A reforma administrativa não tem economia grande no curto prazo, e o presidente já disse que não quer mexer em benefícios como abono. Como vai criar o espaço para o Renda Brasil e os investimentos?

A reforma já traz, sim, indicativo de economia. Ela já aponta para o corte de uma série de vantagens, brechas que foram sendo criadas por alguns Poderes e algumas categorias. Claro que isso não é suficiente.

Onde mais pode cortar?

Supersalários. E tem outras pistas. A desindexação, a desoneração, tem uma série de empresas que foram beneficiadas e não se justifica mais.

E os gatilhos, como ficam?

Quando a farra com o dinheiro for tão grande e as despesas chegarem, nos municípios e Estados, a 95% das receitas correntes líquidas, os gatilhos serão acionados.
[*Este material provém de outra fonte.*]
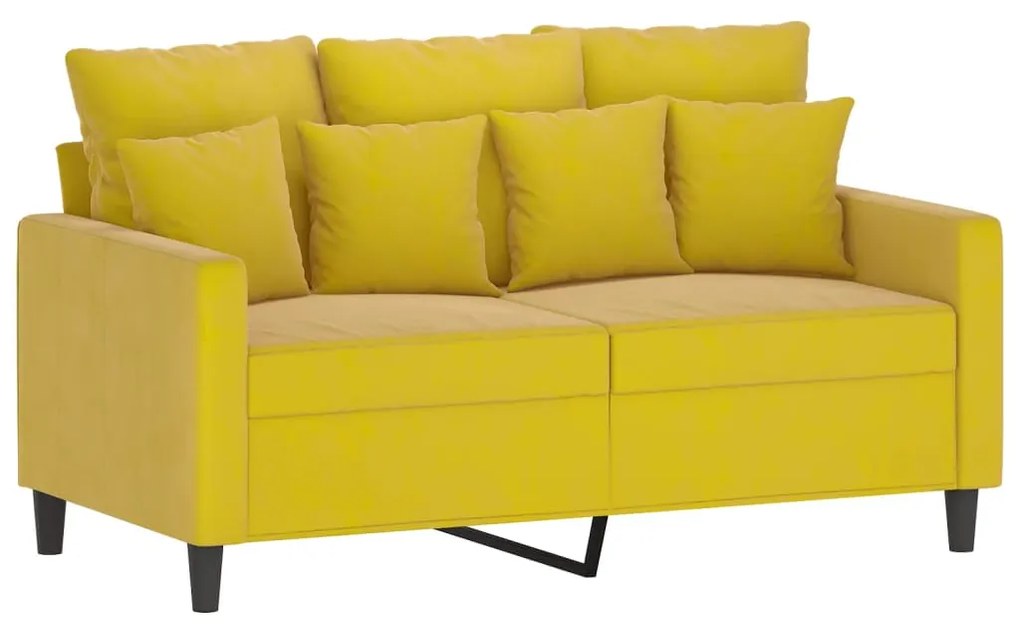 4 pcs conjunto de sofás com almofadões veludo amarelo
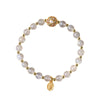 Strawberry Quartz Sun Stone Moonstone Beaded Bracelet with Flower Charm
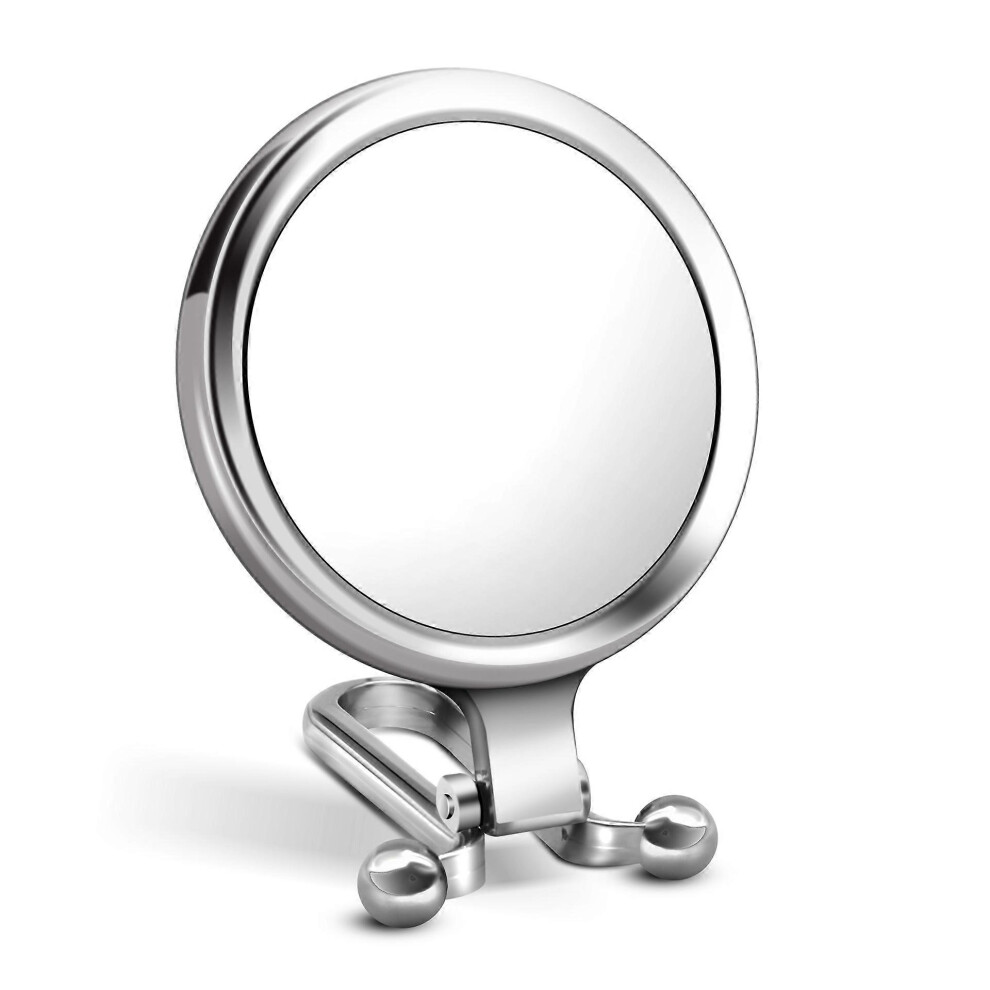 Silver (As Show, One Size) Linjou Double-Sided Makeup Mirror, 10X Magnifying Hand Mirror Handheld Cosmetic Mirror(Silver)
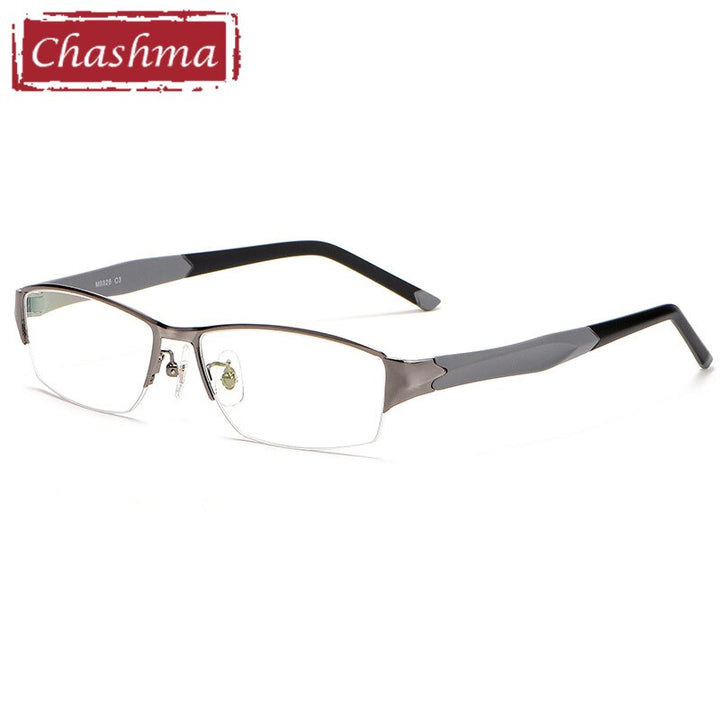 Chashma Men's Semi Rim Square Alloy Eyeglasses 8826 Semi Rim Chashma Gray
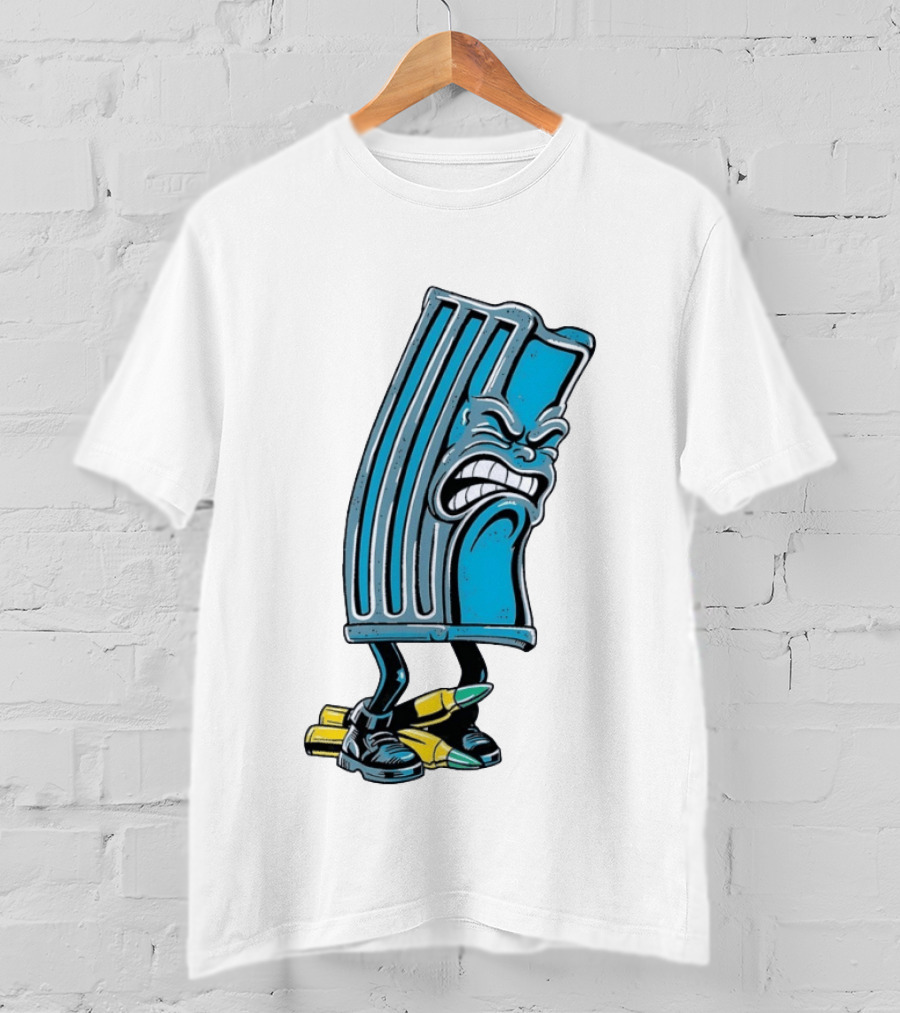 Angry Rifle Magazine With Walking Bullets T-Shirt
Tem uma lista grande, mas fundamentalmente fica proibida a contratação de pessoal e (realização de) novos concursos públicos. Em até 25%, poderá haver corte de jornada e de salários.
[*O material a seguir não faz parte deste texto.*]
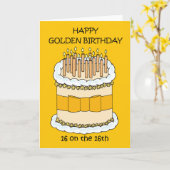 Carte Joyeux Anniversaire d'or 16 le 16ème (Fleur jaune)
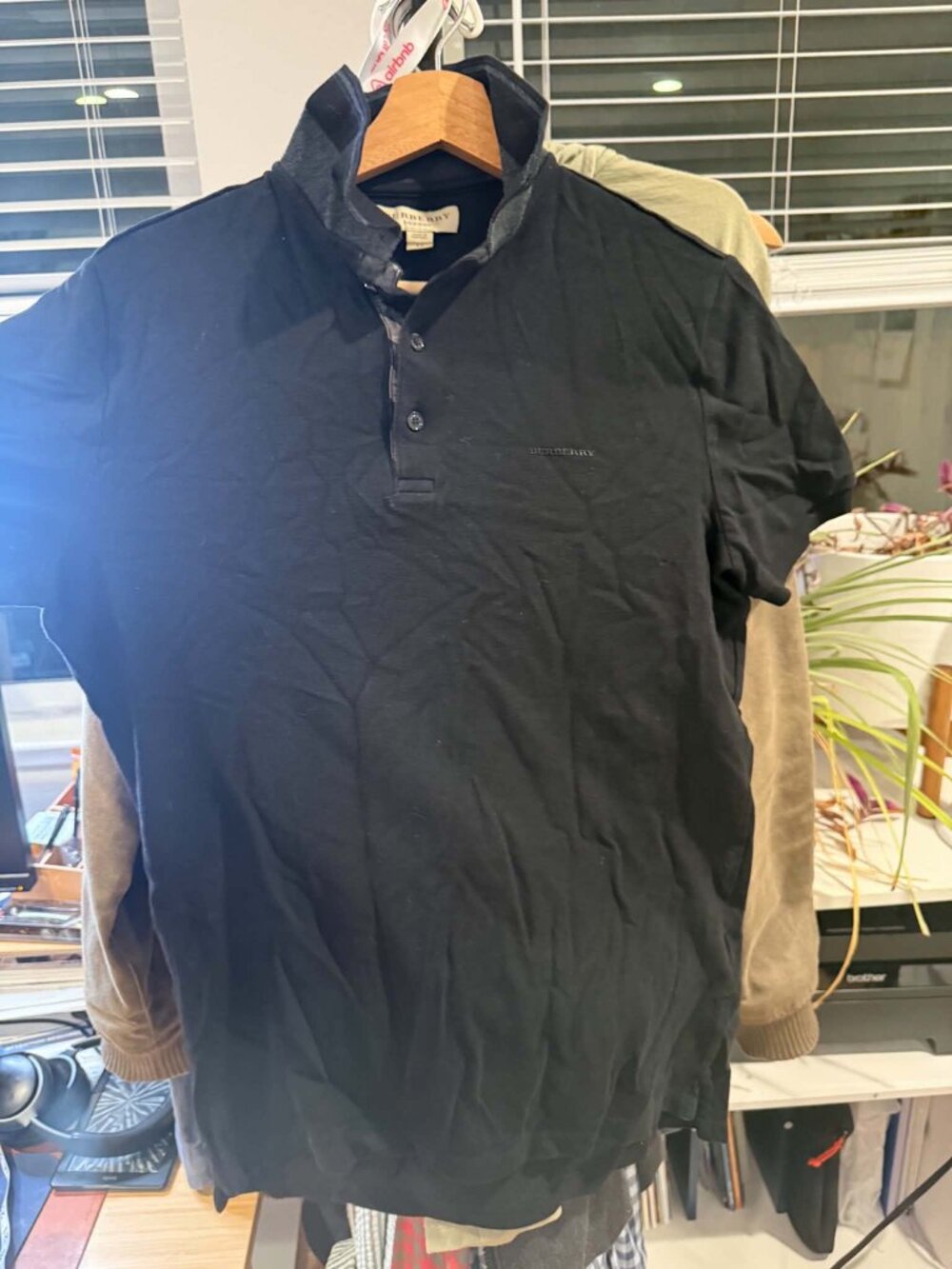 Burberry London Black Polo Shirt Embroidered Logo Check Placket M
Os gatilhos podem ser acionados no ano que vem?

Podem. Vemos os Poderes gastando tudo com o serviço público. Chega uma hora que estoura. A PEC propõe (o fim de) aquilo que não deveria ter existido, que é vinculação. É uma contradição do Congresso querer ter mais influência no Orçamento quando tem 96% das despesas vinculadas. E o pior é um vinculação que não deu resultado.

O que será desvinculado?

Educação e saúde. Desvincula. É incrível como ficou uma lavagem cerebral, dizer que o problema da educação no Brasil é mais recurso. É brincadeira! E a educação não melhorou. Estamos um vexame na educação. Deixa que o município, o Estado, a União façam o seu orçamento. Quem é o Congresso para decidir sozinho o que é mais importante para mais de 5 mil municípios? O diagnóstico da educação, não há quem discorde: estamos falidos.

A proposta do governo fala em unificação dos mínimos. Vai alterar isso?

Alterei com o consentimento do ministro (da Economia).e com a aprovação do presidente da República. Eu conversei também com o presidente do Senado (Davi Alcolumbre).

Não vai ter mais mínimo para educação e saúde?

Se depender de mim, não. O Congresso tem de pensar no País.

Na prática, não vai tirar dinheiro da saúde e educação, que o sr. mesmo diz que estão com diagnóstico ruim?

Ninguém vai tirar um real. Apenas estamos devolvendo ao Estado e ao município o poder de legislar sobre o dinheiro dele.

Não é uma medida contraditória com a aprovação recente do novo Fundeb, com mais recursos vinculados para a educação?

Sim, é contradição porque está na mesma linha ideológica. Mas é hora de discutir o conjunto. Todo mundo sabe que a educação está uma porcaria.